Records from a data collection
■ ■ ■ ■ ■

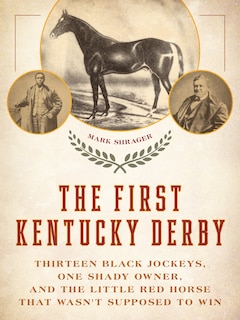 Front cover_The First Kentucky Derby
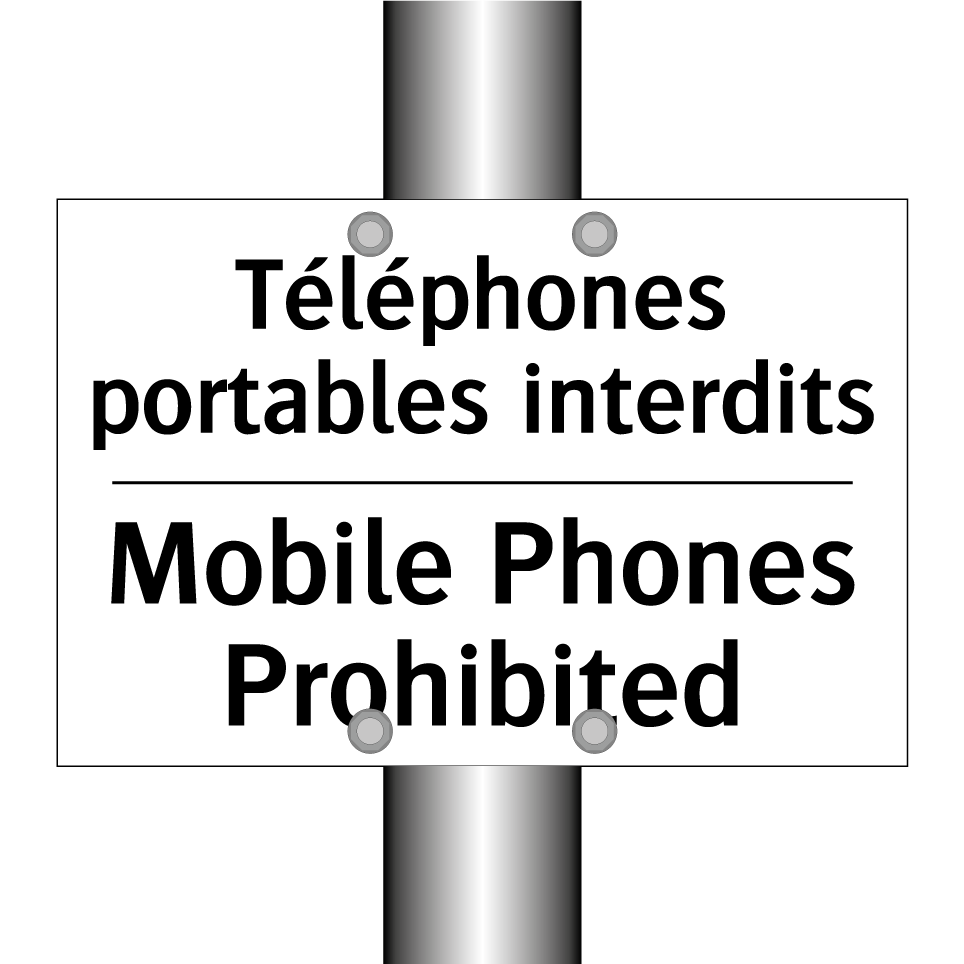 Téléphones portables interdits - Mobile Phones Prohibited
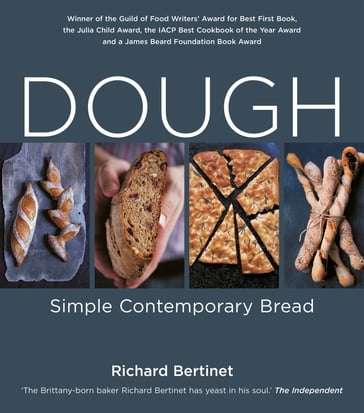 Dough: Simple Contemporary Bread - Richard Bertinet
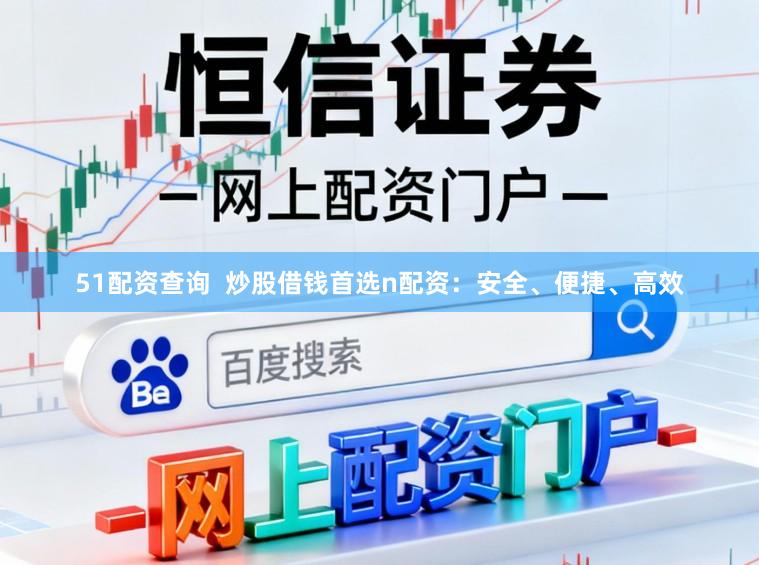 51配资查询  炒股借钱首选n配资：安全、便捷、高效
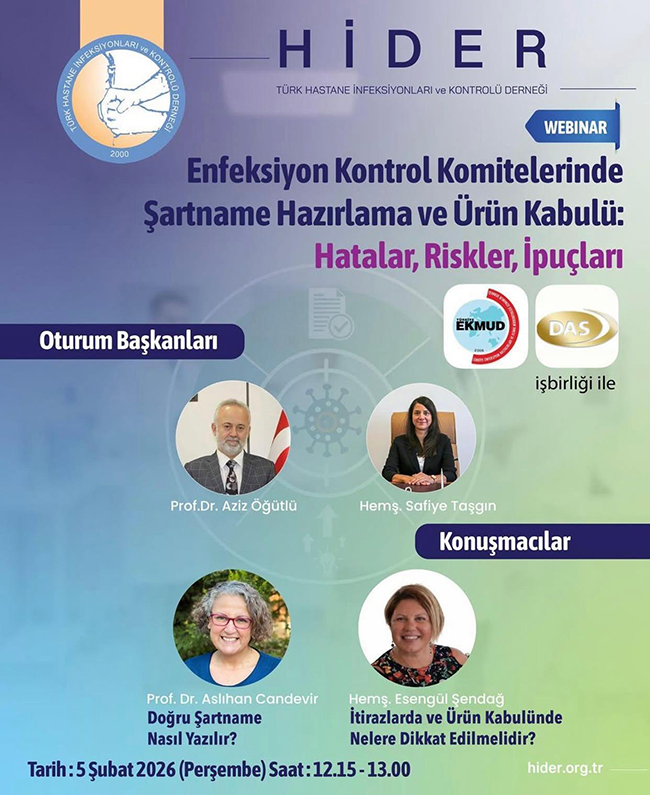 Enfeksiyon Kontrol Komitelerinde Şartname Hazırlama ve Ürün Kabulü Hatalar, riskler, ipuçları Webinarı gerçekleştirildi.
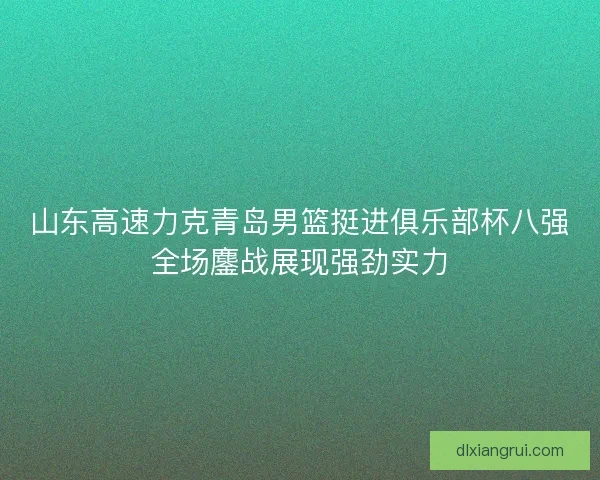 山东高速力克青岛男篮挺进俱乐部杯八强全场鏖战展现强劲实力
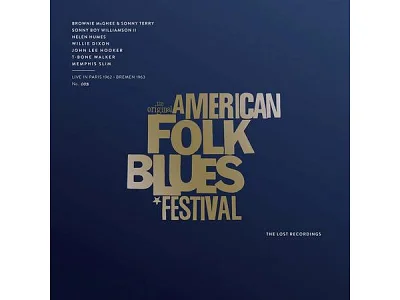 Sound and Music AA. VV.: AMERICAN FOLK BLUES FESTIVAL - LIVE IN PARIS 1962 - BREMA 1963 (MONO)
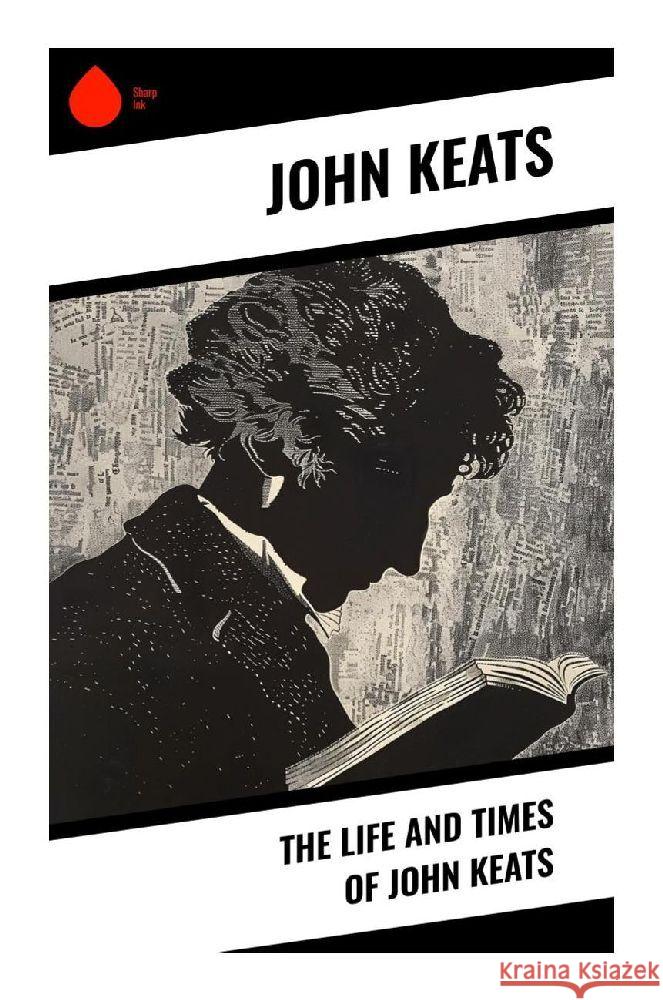 The Life and Times of John Keats Keats, John 9788028375409 Sharp Ink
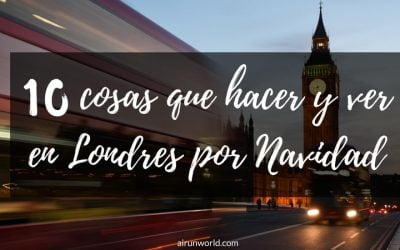 10 cosas que hacer y ver en Londres por Navidad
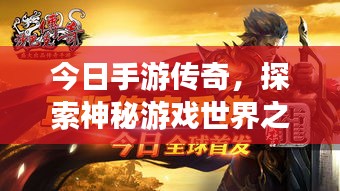 今日手游传奇，探索神秘游戏世界之旅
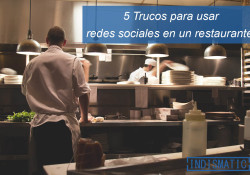 5 Trucos para usar las redes sociales en un restaurante
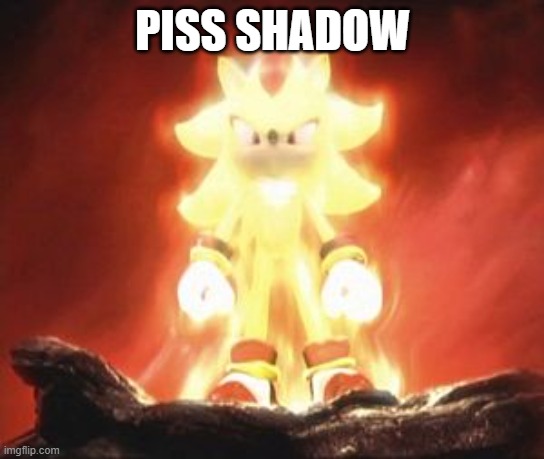 Super Shadow | PISS SHADOW | image tagged in super shadow,shadow the hedgehog,sonic the hedgehog | made w/ Imgflip meme maker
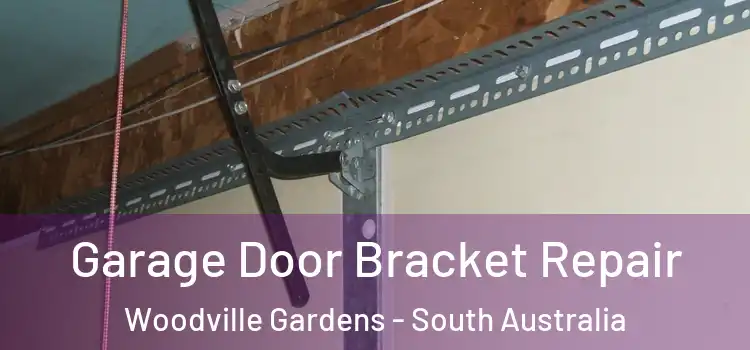 Garage Door Bracket Repair Woodville Gardens - South Australia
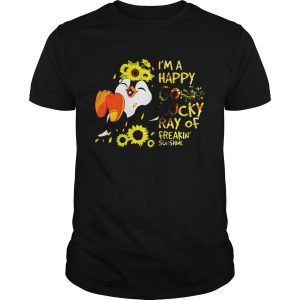 Guys Penguin and sunflowers Im a happy go lucky ray of freakin sunshine shirt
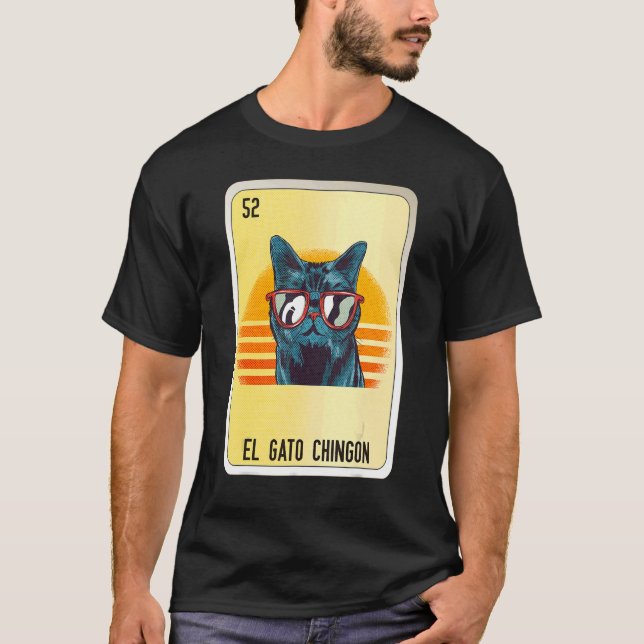 El Gato Chingon Mexican Slang Lottery Bingo Cards T Shirt (Framsida)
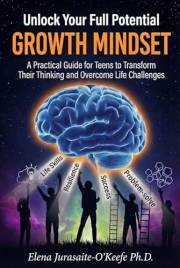 Unlock Your Full Potential with a Growth Mindset: A Practical Guide for Teens to Build Life Skills, Transform Your Thinking,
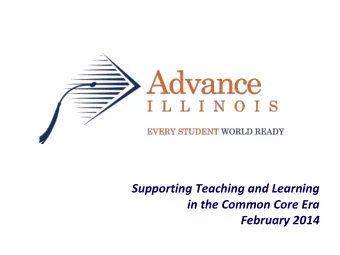 Supporting Teaching and Learning  in the Common Core Era  February 2014  A New Starting Point for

■ ■ ■ ■ ■

What to work on: Word for word, set down the lines from the line with "Unlock Your Full" through the last line of the entries, and nothing else; the pictures stay out.

Reply:
 Unlock Your Full Potential with a Growth Mindset: A Practical Guide for Teens to Build Life Skills, Transform Your Thinking,
 Supporting Teaching and Learning  in the Common Core Era  February 2014  A New Starting Point for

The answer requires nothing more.